Thursday, 2 August 2018

"The Garden of the Gods" by Gerald Durrell

This is the final installment of the Corfu trilogy, which started with My Family and Other Animals and continued with Birds, Beasts and Relatives. All the usual characters are here:
  • Larry the writer with the world's best put-downs
  • Margo, searching for love and always mangling her expressions
  • Leslie, obsessed with guns
  • Gerry the naturalist with his dogs Roger, Widdle and Puke and an ever-growing bestiary
  • Mother, presiding over domestic chaos with all the governance of an anarchist
  • Theo who knows everything but is utterly modest about it
  • Spiro whose motto is: Don'ts yous worrys, Mrs Durrells, I will fixes it.
  • And the lecherous Captain Creech who tells women they are putting on weight but that “A thin woman's no good in bed - like riding a horse with no saddle.” (p 737) and who, having accidentally ripped off his partner's dress during a dance, exclaims "that's a fine pair of knickers you're wearing" (p 756)
There are new characters too of whom my favourite is JeeJee who turns out not to be an Indian prince (Prince is just his first name) and who falls from a window while trying to learn to levitate. And there is also the dreadful French Count who repeatedly insists that everything French is better than everything else and wears perfume: “He drenched himself in a scent so thick that it was almost visible and he had only to spend a second in a room to permeate the whole atmosphere, while the cushions he leaned against and the chairs he sat in reeked for days afterwards.” (p 620)

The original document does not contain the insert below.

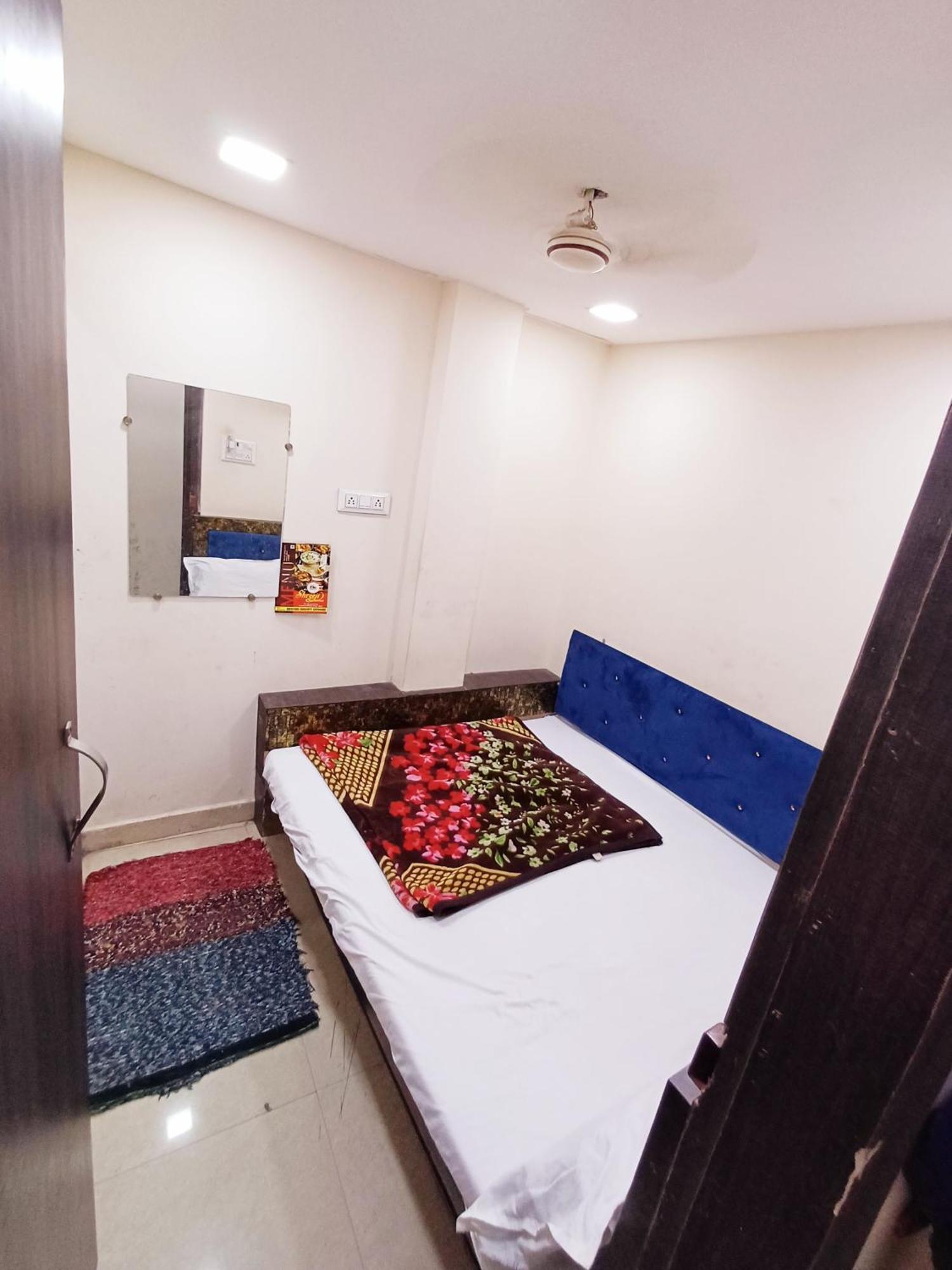 Blue Tower Hotel Ujjain Buitenkant foto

These characters interact in a series of hilarious mishaps which against had me laughing out loud. 

And there are the usual samples of Durrell's beautiful descriptions. 
  • Peaches, as orange or pink as a harvest moon, loomed huge in the trees, their thick, velvety pelts swollen with sweet juice.” (p 563)
  • "Trees had been groaning with the weight of cherries, so that the orchards looked as though some great dragon had been slain among the trees, bespattering the leaves with scarlet and wine-red drops of blood.” (p 563)
  • She was in a singularly sullen and recalcitrant mood, even by donkey standards, and annoyed me by deliberately treading on my foot and then giving me a sharp nip on the buttock when I bent down to pick up my fallen butterfly net. She took grave offence at the clout I gave her for this misbehaviour, so we started his expedition barely on speaking terms.” (p 565)
  • There was nothing straight about Mama Kondos; her diminutive body was bent like a sickle blade, her legs were bowed with years of carrying heavy loads on her head, her arms and hands permanently bent from picking things up; even her upper and lower lips curved inwards over her toothless gums” (p 574)

Other great lines:
  • “'Any man can avoid having three wives if he puts his mind to it', said Mother firmly.” (p 588)
  • You must remember - when we had the revolution and that cake shop was so badly damaged by the machine-gun bullets. Such unsafe things, I always think, machine-guns.” (p 683)
  • Mother blushed and stiffened. 'I have no intention of driving anyone mad, with or without knickers!' she said with great dignity.” (p 690)
  • In my village where I ‘ave my villa ve have a village idiot. He is charming, tres sympathique, but ve do not want to make him the mayor.” (p 696)
  • Like an early missionary, he was so concerned with himself that it never occurred to him that somebody might look upon him simply as a meal.” (p 711)
  • ‘Well, I'm supposed to be on a diet’, said Margo. ‘You can't go forcing me to have stuff like that’. ‘Nobody's forcing you, dear’, said mother. ‘You could always say no’. ‘Well you know I can't say no, so that’s forcing’.” (p 730)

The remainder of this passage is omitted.